Use-case 15 in the Nexus of Forces in Action White Paper [Nexus] provides a good example of a wider business ecosystem. It concerns smart charging of electric vehicles. The participants include:

  • Bulk energy generators
  • (National) grid operators (transmission operators)
  • Local supply network operator (distribution service operator or DSO)
  • Energy suppliers (i.e., the parties who have a contractual relationship with the energy consumer – these may also be bulk generators)
  • Consumers (vehicle users)
  • Local government

Electric Vehicle Smart Charging Ecosystem

A Vehicle User can charge a vehicle at a public charging station or via a private power supply (home or office). This use-case is only concerned with the former situation but could be extended to cover both scenarios.

A local controller (a device – part of the Internet of Things) controls one or more charging stations. The Energy Supplier informs the vehicle (and possibly the Vehicle User) via the local controller how much capacity is available to it. If the battery is nearly full the vehicle can inform the local controller that it needs less capacity and this capacity can then be made available to other vehicles at other charging stations. Standard protocols are defined, which can be used to support end-to-end communication.

The Charging Operator determines the capacity to be made available on the basis of information provided by the Distribution Service Operator (DSO) (maximum allowable capacity at that time), possibly combined with commercial information (e.g., current spot prices, predicted trends, flexibility agreements with vehicle-owners/customers where applicable). The DSO has predicted available capacity on the basis of currently predicted weather conditions and long-term usage patterns in the relevant area. The DSO is able to adapt to unexpected changes in real time and restrict or increase the locally available capacity.

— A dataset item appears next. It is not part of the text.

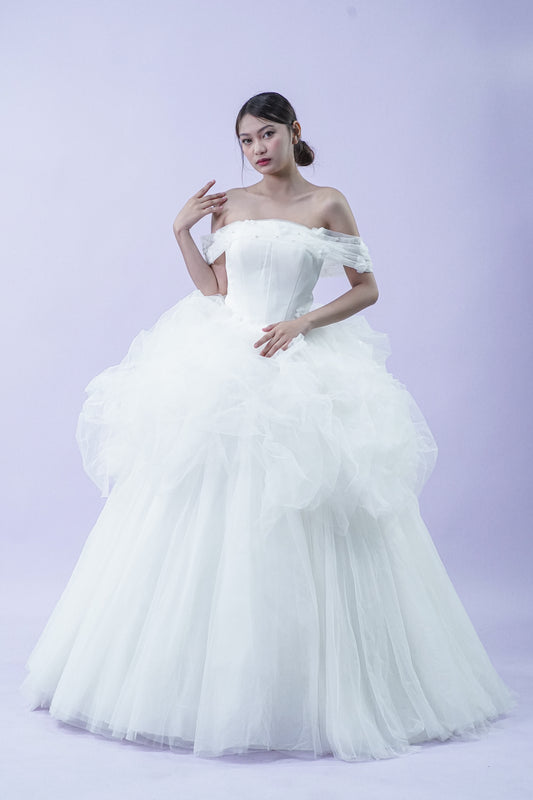 Off-Shoulder Tule Feather Detail Wedding Gown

We can regard the purpose of this ecosystem as providing a sustainable infrastructure for the use and support of electric vehicles. If we speak of the health of the system as a whole, this is how we will measure it. Each participant has to a greater or lesser extent an interest in the health of the system. Nonetheless the individual participants have varying measures of value and varying degrees of commitment to or dependence on the system as a whole.